Description of the task:
Scan the entries for the word "Raccoon" and report how many lines contain it, as a number with no other words.

Source records:
■ ■ ■ ■ ■

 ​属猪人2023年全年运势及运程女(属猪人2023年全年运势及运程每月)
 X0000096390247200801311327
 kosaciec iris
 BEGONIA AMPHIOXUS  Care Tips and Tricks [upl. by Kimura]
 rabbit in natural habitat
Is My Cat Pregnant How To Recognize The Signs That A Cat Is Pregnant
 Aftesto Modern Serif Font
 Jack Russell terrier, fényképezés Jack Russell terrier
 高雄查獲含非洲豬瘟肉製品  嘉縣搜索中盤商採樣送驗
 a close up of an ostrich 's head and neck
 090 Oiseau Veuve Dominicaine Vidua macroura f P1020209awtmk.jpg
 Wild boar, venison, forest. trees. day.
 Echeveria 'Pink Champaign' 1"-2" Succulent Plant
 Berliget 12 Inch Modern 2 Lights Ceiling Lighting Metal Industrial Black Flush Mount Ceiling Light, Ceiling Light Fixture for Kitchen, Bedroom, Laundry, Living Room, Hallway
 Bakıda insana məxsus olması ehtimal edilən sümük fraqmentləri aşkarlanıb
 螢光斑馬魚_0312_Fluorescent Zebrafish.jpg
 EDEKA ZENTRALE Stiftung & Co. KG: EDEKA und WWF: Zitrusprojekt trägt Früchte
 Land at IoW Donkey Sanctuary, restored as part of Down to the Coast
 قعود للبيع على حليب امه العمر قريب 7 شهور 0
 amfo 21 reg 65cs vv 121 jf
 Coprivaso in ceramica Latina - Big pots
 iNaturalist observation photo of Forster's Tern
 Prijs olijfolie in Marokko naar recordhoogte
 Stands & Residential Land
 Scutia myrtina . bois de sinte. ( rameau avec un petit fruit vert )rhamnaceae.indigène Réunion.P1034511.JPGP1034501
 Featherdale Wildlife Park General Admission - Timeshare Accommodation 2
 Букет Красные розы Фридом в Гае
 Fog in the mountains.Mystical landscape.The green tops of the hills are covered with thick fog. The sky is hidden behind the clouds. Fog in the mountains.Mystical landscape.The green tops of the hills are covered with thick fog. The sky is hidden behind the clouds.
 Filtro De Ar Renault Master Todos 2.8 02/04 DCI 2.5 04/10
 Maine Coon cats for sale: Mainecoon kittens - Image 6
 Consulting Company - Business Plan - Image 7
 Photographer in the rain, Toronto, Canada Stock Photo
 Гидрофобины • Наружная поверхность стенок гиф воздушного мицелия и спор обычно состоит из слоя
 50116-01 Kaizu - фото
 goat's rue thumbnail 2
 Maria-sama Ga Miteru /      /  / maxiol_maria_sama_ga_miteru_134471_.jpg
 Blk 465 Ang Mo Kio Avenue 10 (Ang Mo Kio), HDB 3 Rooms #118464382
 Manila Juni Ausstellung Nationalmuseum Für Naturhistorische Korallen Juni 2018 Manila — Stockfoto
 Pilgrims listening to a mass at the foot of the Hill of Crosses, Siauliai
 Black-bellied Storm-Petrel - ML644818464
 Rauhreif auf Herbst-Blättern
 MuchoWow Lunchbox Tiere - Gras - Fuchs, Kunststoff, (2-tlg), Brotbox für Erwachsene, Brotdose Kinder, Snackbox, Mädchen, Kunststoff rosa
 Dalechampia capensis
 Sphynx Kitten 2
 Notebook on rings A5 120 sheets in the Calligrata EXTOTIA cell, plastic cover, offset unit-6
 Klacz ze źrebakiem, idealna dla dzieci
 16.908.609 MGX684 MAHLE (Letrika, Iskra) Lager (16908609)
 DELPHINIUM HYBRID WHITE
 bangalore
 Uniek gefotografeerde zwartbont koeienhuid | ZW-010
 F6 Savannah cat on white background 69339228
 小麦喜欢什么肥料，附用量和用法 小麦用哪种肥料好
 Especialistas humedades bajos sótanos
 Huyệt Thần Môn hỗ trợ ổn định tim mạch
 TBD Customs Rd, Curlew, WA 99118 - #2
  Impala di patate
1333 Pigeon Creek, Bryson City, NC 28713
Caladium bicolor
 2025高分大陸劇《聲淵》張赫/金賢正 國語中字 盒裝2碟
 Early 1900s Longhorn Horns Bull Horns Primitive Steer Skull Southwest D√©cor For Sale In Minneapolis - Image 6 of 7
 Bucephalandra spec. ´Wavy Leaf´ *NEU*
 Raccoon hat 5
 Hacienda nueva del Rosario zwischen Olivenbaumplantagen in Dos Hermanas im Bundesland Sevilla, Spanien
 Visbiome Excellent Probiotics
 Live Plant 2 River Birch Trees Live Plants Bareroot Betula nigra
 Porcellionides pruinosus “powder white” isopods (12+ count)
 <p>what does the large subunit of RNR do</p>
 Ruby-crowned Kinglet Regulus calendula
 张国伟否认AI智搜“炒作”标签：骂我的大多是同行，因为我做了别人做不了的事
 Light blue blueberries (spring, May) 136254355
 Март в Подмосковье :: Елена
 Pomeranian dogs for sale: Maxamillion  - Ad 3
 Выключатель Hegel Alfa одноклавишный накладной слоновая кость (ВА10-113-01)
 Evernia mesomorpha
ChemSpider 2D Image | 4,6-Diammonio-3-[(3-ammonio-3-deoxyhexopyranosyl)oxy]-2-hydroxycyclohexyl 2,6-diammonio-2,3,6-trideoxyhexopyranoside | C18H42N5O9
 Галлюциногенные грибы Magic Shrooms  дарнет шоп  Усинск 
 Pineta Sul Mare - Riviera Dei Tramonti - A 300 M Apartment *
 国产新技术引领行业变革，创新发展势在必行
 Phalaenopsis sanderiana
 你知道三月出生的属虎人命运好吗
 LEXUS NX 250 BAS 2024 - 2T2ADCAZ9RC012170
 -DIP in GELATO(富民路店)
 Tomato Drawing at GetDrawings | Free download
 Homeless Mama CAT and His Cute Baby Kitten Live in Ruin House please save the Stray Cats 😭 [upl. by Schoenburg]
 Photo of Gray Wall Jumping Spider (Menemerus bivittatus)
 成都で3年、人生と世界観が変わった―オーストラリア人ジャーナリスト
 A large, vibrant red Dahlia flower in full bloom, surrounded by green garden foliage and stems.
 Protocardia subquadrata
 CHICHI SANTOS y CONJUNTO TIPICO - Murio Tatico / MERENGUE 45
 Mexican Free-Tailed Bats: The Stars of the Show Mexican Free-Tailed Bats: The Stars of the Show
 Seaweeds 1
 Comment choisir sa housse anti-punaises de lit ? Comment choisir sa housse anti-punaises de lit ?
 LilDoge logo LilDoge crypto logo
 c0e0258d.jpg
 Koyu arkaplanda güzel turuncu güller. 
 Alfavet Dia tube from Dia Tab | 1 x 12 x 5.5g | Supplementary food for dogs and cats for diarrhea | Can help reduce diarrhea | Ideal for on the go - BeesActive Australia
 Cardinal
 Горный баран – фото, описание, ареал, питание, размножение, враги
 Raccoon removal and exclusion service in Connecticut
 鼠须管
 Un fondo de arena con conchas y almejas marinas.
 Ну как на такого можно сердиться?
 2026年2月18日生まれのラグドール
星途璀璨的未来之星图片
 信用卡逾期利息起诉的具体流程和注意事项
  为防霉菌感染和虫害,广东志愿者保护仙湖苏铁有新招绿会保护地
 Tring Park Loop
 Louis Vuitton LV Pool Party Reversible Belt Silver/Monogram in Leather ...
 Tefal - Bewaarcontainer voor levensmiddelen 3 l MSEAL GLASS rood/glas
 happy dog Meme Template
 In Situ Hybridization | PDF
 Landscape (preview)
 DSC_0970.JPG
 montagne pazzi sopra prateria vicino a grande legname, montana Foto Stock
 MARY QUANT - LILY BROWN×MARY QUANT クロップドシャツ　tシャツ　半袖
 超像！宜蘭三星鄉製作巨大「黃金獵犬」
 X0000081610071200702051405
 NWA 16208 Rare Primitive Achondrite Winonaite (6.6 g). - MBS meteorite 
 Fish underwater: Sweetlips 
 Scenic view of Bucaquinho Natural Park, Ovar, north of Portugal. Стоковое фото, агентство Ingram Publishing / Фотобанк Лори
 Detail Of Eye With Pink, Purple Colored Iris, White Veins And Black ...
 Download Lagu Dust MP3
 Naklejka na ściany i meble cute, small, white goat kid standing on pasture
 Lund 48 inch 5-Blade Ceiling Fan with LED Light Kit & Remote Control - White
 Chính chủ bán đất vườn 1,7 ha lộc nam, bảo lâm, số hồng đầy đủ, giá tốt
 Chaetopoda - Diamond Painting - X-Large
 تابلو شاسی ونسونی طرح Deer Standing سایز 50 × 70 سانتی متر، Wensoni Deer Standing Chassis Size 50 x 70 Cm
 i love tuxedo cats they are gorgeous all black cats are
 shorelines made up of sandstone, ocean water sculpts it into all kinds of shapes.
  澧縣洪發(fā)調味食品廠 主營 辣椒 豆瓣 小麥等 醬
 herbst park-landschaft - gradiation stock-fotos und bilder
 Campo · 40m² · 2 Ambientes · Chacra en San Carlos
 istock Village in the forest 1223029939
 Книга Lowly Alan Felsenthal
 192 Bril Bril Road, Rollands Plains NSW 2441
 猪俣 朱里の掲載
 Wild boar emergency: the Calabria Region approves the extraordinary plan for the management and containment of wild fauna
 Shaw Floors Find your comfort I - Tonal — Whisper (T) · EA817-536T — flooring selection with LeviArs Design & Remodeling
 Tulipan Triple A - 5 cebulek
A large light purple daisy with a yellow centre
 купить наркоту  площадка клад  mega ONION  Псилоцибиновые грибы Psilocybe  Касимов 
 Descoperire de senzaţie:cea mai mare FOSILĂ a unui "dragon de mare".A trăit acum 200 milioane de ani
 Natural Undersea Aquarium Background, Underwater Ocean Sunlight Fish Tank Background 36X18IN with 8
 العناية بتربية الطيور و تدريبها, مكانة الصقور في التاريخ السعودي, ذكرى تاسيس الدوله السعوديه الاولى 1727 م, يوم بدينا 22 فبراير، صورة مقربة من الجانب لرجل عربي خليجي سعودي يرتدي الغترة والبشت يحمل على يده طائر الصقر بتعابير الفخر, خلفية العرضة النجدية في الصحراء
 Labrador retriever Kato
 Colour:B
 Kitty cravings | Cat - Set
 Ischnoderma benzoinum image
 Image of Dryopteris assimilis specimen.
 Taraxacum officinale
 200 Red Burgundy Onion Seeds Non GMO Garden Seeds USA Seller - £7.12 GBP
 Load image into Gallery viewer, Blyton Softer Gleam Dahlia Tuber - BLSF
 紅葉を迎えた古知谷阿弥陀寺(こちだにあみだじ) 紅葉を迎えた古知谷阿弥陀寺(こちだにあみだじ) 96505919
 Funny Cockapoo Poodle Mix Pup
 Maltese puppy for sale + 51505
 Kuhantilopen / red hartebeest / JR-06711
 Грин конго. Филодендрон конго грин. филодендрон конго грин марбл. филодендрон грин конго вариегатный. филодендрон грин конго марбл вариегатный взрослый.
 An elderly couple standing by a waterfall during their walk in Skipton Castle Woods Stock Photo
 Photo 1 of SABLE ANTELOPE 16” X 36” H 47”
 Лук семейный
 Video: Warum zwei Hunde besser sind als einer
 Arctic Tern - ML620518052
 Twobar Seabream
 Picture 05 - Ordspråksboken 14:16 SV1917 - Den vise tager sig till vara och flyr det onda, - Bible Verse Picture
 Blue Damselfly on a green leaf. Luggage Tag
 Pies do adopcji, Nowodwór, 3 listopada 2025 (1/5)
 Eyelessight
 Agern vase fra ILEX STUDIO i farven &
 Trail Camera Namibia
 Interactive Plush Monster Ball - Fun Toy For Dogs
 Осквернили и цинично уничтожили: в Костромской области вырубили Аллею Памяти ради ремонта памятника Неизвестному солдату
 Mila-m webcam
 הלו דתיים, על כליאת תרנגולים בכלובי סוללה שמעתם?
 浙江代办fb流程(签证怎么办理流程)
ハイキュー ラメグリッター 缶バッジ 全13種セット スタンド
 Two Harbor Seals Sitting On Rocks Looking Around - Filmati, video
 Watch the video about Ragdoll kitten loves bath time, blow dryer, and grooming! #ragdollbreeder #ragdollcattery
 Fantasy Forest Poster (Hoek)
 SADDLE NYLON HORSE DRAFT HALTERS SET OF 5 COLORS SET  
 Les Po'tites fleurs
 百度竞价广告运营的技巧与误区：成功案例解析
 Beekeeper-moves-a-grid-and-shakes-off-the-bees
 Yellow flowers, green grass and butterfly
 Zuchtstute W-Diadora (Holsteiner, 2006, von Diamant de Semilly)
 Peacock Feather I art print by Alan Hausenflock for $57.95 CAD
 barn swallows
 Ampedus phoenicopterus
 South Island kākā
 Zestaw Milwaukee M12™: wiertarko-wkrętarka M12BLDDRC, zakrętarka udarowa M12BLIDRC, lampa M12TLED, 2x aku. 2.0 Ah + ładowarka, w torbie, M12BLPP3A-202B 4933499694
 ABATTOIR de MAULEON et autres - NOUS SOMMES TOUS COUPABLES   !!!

■ ■ ■ ■ ■

Answer space:
2